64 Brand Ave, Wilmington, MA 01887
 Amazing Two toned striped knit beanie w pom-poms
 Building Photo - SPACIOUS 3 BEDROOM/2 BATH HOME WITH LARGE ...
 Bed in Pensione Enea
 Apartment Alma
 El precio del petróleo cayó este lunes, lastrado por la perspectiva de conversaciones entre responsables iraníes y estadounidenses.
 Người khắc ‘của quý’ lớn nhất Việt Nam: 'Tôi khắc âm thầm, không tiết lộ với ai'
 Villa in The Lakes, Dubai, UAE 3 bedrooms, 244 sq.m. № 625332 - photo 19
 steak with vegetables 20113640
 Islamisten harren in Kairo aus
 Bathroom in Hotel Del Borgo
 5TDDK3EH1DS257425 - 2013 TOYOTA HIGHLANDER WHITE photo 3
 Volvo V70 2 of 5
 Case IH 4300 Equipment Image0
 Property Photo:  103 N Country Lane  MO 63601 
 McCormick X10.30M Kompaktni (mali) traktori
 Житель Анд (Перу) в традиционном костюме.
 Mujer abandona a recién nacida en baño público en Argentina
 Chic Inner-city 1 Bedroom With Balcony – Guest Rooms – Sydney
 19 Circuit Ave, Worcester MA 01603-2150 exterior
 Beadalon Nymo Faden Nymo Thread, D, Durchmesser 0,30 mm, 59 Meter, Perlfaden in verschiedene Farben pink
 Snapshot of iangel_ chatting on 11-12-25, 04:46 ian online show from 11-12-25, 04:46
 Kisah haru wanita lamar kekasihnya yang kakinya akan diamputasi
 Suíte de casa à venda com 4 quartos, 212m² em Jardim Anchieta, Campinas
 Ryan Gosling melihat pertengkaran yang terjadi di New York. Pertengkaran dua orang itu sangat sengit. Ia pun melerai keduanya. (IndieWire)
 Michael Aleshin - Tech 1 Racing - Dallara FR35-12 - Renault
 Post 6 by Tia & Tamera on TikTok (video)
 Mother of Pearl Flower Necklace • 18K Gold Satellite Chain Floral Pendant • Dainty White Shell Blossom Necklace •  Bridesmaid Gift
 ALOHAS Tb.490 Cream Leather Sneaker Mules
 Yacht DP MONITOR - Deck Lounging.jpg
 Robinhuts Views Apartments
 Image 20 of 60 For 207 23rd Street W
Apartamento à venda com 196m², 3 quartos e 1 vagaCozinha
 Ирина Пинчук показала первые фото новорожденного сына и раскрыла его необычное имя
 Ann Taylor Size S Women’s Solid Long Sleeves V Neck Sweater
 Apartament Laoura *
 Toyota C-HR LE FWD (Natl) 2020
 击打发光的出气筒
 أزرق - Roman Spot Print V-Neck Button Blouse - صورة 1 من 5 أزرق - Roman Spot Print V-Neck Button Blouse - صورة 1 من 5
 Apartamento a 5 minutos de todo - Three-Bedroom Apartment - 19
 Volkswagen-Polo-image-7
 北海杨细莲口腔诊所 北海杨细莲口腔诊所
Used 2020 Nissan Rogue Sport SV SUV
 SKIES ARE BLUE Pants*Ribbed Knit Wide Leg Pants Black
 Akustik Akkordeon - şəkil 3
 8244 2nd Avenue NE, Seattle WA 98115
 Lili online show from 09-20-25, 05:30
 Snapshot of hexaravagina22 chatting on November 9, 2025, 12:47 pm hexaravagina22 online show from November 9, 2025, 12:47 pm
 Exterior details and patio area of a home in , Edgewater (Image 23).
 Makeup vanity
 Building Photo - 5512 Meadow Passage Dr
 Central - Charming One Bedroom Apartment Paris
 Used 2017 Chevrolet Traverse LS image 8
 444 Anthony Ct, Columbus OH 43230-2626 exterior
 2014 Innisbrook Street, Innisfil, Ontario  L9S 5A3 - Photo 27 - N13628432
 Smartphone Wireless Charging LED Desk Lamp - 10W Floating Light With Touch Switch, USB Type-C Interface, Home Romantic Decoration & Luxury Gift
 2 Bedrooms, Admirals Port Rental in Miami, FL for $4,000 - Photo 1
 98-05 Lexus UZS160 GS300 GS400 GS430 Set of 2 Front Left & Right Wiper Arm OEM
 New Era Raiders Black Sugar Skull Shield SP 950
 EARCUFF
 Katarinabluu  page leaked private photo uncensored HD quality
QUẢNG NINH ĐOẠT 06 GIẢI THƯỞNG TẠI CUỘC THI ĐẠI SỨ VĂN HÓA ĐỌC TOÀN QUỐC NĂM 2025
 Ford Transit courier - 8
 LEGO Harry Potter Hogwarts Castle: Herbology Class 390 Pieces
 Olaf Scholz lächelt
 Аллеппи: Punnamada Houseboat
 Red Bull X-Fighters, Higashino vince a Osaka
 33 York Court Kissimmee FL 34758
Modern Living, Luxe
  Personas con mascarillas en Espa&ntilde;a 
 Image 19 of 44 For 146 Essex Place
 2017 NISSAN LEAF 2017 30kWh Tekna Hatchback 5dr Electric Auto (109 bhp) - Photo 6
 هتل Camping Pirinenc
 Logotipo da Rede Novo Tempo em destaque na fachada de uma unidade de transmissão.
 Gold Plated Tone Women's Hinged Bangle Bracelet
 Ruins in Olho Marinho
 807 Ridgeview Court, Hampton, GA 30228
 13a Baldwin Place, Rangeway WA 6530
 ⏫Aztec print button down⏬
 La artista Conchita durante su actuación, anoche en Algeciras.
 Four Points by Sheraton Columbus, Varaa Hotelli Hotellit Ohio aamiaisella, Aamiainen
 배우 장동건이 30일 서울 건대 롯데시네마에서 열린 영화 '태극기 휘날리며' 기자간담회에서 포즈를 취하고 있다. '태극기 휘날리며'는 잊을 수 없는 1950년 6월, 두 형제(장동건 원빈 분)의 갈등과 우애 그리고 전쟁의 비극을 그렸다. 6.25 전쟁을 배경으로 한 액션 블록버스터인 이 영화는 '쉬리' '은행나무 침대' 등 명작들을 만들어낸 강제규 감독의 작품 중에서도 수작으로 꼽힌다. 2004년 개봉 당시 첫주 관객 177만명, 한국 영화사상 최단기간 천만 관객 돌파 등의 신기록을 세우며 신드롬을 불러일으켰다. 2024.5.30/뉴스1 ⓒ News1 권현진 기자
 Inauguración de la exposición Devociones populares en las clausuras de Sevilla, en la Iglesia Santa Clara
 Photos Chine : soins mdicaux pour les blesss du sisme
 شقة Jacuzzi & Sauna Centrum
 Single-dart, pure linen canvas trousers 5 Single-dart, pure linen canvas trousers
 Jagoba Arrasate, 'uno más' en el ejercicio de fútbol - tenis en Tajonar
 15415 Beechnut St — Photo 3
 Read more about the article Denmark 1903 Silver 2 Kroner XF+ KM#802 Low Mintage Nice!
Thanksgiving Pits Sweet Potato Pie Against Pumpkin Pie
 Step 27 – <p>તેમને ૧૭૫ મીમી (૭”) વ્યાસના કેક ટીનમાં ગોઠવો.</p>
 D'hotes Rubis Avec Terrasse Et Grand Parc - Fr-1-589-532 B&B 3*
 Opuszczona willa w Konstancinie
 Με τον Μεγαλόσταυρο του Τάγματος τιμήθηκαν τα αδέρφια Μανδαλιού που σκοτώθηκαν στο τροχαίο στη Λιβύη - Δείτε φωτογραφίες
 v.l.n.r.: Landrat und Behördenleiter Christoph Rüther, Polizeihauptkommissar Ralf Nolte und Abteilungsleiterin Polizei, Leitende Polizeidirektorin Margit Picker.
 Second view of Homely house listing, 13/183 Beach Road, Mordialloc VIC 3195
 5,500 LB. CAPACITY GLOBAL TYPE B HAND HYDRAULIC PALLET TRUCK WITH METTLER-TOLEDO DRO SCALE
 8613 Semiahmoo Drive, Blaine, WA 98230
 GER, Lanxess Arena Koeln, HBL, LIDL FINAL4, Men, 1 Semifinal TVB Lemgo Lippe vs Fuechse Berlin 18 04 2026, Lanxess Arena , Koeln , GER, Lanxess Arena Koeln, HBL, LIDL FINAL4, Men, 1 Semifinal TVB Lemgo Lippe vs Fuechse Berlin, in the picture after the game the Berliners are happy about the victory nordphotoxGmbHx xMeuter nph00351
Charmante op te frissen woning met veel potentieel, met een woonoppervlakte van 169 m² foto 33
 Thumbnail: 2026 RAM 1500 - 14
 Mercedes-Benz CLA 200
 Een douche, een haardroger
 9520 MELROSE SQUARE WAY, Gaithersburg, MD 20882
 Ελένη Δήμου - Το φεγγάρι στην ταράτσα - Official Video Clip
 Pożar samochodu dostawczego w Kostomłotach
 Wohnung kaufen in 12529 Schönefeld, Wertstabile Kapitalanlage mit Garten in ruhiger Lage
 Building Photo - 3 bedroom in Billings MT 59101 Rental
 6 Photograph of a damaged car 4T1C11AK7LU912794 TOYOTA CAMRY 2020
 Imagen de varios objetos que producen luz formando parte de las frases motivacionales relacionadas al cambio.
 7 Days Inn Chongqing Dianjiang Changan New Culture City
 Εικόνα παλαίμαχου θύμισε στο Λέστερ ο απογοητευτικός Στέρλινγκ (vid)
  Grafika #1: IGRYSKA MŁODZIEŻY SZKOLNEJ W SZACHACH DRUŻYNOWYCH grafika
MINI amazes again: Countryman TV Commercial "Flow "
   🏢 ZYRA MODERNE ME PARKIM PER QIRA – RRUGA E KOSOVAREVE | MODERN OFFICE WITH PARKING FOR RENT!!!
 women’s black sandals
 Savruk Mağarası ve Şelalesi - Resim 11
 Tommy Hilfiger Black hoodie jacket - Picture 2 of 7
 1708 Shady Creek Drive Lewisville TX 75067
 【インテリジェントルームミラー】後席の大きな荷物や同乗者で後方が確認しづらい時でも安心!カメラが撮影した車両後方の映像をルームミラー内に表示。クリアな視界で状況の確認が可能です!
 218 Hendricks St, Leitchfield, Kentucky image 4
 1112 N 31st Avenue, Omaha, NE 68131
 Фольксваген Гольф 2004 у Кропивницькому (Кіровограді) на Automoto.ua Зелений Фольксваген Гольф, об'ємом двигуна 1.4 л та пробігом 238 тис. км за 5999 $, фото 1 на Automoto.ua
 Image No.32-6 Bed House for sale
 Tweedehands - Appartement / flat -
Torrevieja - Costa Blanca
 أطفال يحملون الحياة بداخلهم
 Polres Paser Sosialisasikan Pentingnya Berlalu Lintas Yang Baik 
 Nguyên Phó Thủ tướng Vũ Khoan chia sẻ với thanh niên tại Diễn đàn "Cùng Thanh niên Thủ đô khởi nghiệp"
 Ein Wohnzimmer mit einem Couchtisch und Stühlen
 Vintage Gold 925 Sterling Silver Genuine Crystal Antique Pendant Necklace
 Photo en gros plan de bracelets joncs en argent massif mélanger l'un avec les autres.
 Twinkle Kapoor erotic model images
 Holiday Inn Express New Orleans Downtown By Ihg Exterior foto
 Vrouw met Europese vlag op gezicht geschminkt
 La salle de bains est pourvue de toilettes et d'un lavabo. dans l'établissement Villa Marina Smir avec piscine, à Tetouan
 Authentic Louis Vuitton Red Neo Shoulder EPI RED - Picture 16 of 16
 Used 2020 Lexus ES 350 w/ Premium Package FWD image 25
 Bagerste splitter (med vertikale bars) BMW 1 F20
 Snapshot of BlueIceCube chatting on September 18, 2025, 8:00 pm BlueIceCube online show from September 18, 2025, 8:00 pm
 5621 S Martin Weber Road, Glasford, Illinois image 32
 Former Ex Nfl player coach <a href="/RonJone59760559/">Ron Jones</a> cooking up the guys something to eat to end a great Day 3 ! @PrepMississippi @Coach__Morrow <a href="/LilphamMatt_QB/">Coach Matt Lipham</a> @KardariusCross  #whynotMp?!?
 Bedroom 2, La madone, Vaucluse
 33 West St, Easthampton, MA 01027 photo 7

▶ _Work request_: Taking the listing above as the source, transcribe only the lines starting at the line with "Used 2020 Nissan Rogue Sport SV SUV" and going through the line with "2017 NISSAN LEAF", unaltered and with both ends included.

▶ _Task response_:
Used 2020 Nissan Rogue Sport SV SUV
 SKIES ARE BLUE Pants*Ribbed Knit Wide Leg Pants Black
 Akustik Akkordeon - şəkil 3
 8244 2nd Avenue NE, Seattle WA 98115
 Lili online show from 09-20-25, 05:30
 Snapshot of hexaravagina22 chatting on November 9, 2025, 12:47 pm hexaravagina22 online show from November 9, 2025, 12:47 pm
 Exterior details and patio area of a home in , Edgewater (Image 23).
 Makeup vanity
 Building Photo - 5512 Meadow Passage Dr
 Central - Charming One Bedroom Apartment Paris
 Used 2017 Chevrolet Traverse LS image 8
 444 Anthony Ct, Columbus OH 43230-2626 exterior
 2014 Innisbrook Street, Innisfil, Ontario  L9S 5A3 - Photo 27 - N13628432
 Smartphone Wireless Charging LED Desk Lamp - 10W Floating Light With Touch Switch, USB Type-C Interface, Home Romantic Decoration & Luxury Gift
 2 Bedrooms, Admirals Port Rental in Miami, FL for $4,000 - Photo 1
 98-05 Lexus UZS160 GS300 GS400 GS430 Set of 2 Front Left & Right Wiper Arm OEM
 New Era Raiders Black Sugar Skull Shield SP 950
 EARCUFF
 Katarinabluu  page leaked private photo uncensored HD quality
QUẢNG NINH ĐOẠT 06 GIẢI THƯỞNG TẠI CUỘC THI ĐẠI SỨ VĂN HÓA ĐỌC TOÀN QUỐC NĂM 2025
 Ford Transit courier - 8
 LEGO Harry Potter Hogwarts Castle: Herbology Class 390 Pieces
 Olaf Scholz lächelt
 Аллеппи: Punnamada Houseboat
 Red Bull X-Fighters, Higashino vince a Osaka
 33 York Court Kissimmee FL 34758
Modern Living, Luxe
  Personas con mascarillas en Espa&ntilde;a 
 Image 19 of 44 For 146 Essex Place
 2017 NISSAN LEAF 2017 30kWh Tekna Hatchback 5dr Electric Auto (109 bhp) - Photo 6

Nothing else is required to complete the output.